У славян философская терминология, в основном, известна со времен Иоанна Экзарха (X век), но постоянно переосмыслялась под влиянием немецкой философии, особенно близкой русской философской мысли. В этом отличие от западных философских течений: у нас идеи формулировались в тех же формах; на Западе те же идеи, фактически не претерпевая существенных изменений, формулировались в новых формах.

Существующие на этот счет исследования грешат тем, что идеи немецких философов они напрямую связывают со значениями русских слов, говорят о калькировании немецких терминов, вплоть до самых важных, таких как бытие = Sein, действительность = Wirklichkeit, жизнь = Leben, причина = Ursache, качество = Qualität, добро и зло = Wohl und Übel и пр. (Клиншова 1994: 17). Всё это вряд ли верно; исследования Г.С. Батищева (1997) показали, насколько искажены в переводах даже классические тексты Карла Маркса. Русская философская мысль в творческих своих проявлениях исключала влияние со стороны немецкой философии, в своем развитии шла своим путем, и термины, в том числе приведенные здесь, были достоянием собственной мысли.

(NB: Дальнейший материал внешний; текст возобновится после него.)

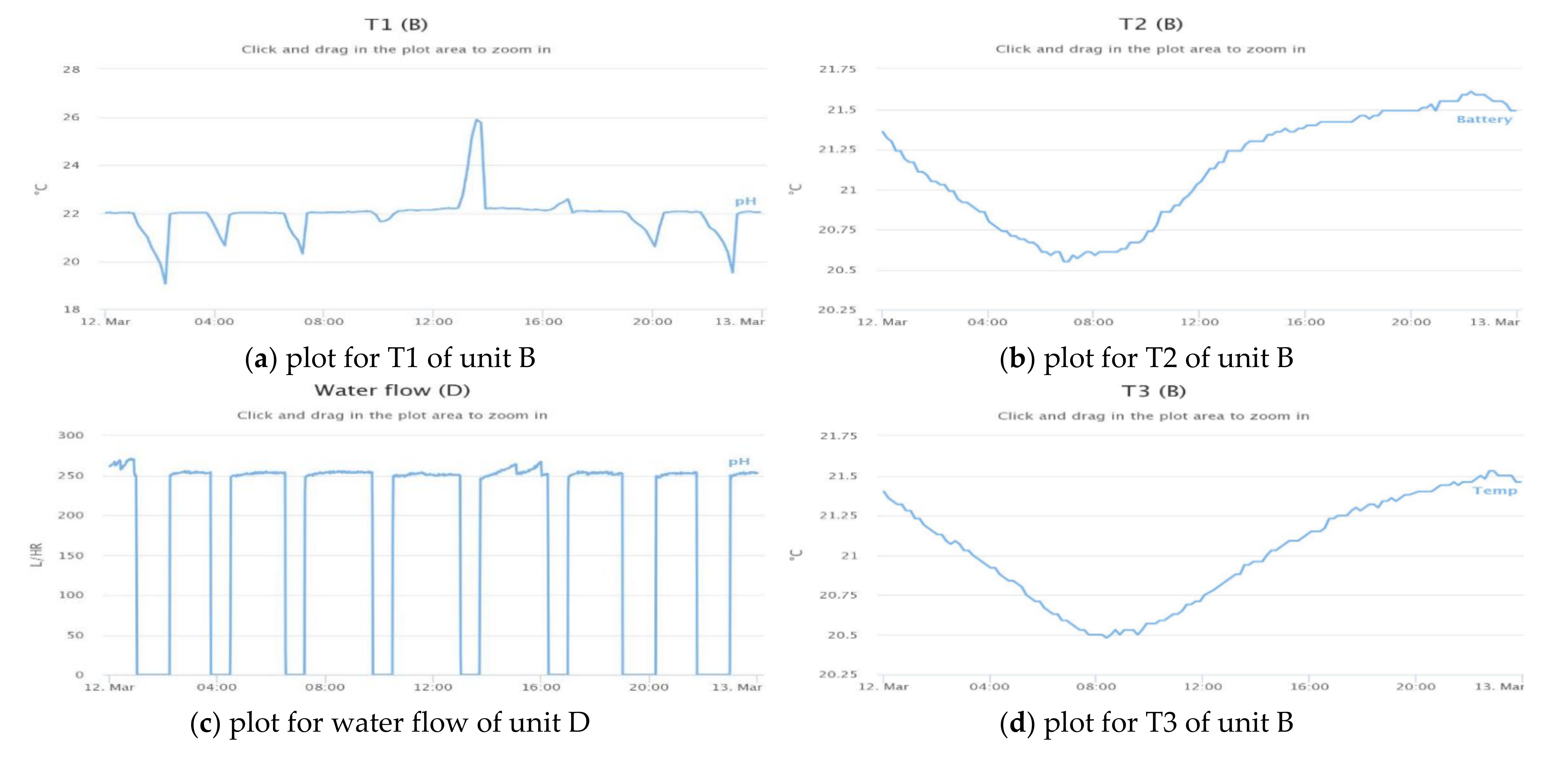 Processes 09 00813 g010a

Другое дело общность первоисточников – тут влияния возможны. Например, особое пристрастие русских философов к Николаю Кузанскому можно понять как органически присущую им связь с философией неоплатонизма в образе Ареопагитик. Ошибки современных историков науки в рассуждениях связаны с невниманием к слову. Русский термин есть создание русской мысли на путях постоянного вглубления символически образных форм в понятие, понимаемое как концепт (идея, Логос и пр.), «передавание истины в образах» у славянофилов сменилось фиксацией истины в понятиях.

9. Задача

Сегодня философы, обсуждая предмет философии на будущее, говорят о трех основных проблемах (Желнов 1981: 490 сл.):

1) отчуждение – опредмечивание – овнешнение, т.е. субстанцианально-вещное, данное в отношении к ВЕЩИ;

2) проблема попперовского «третьего мира», т.е. субстанциально-духовное, данное в отношении к ИДЕЕ;

3) проблема философии языка, т.е. субстанциально-духовно-вещное, данное в отношении к СЛОВУ.

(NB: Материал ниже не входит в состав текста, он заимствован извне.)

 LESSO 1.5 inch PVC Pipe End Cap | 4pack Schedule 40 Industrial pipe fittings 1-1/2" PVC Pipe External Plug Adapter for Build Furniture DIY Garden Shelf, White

Таким образом, уровень современной философии таков, что все три элемента «семантического треугольника» стали как бы центральными категориями на уровне ноумена, существуют в подсознании, но философски уже обозначены как именно сущности. Все три направления представлены в современной западной философии, но не адекватно отражены в отечественной. К приведенным пунктам необходимы пояснения.

К первому пункту.

Отчуждение – присвоение: «вещи взбесились», субъективное оборачивается объективным. Человека отчуждают в чуждый ему мир вещей и вещных отношений, что есть новая несвобода (см. суждения Батищева (1997) на этот счет). Овнешнение есть отчуждающее опредмечивание (Желнов (1981) ссылается также на идею отчужденного труда у раннего Маркса в работе 1844 г.).

Ко второму пункту.

Парадокс: механицизму Поппера противостоит историцизм, с которым тот борется –

а) физический мир,

б) психический мир и

в) «мир объективного знания (не познания вовсе! – В.К.)»,

всё развивается по своим объективным законам независимо от человеческой воли («без знающего субъекта»).

«Самость человека укоренена в третьем мире»

(Поппер близок к эссенциализму, полагает Желнов, т.е. реализму! Еще один парадокс неономинализма: объективно он диалектичен!); Нарский все три «мира» объединяет в один. Позиция Поппера – постоянная борьба между феноменологическим эмпиризмом и романтическим продолжением Милля. Возможно, из этих трех миров Ю.С. Степанов (1985) и создает «три философии языка»: философия имени – философия предиката и философия эго-слов.

К третьему пункту.

Тут несколько направлений, очень влиятельных сегодня на Западе.

1. Лингвистическая философия (аналитическая философия) в Англии и другие прагматически-постпозитивистские течения (эмпиристы-механисты-физикалисты, методисты, «таксономисты» и пр.), для которых характерен «строгий» лингвистический метод (формы историзма и пр.), дескриптивизм Соссюра и пр., и противоположные им (в США) рационалисты (менталисты, генеративисты и пр.), работающие на основе гипотетико-дедуктивных моделей развития знания (Фейерабенд 1986; Хомский 1996).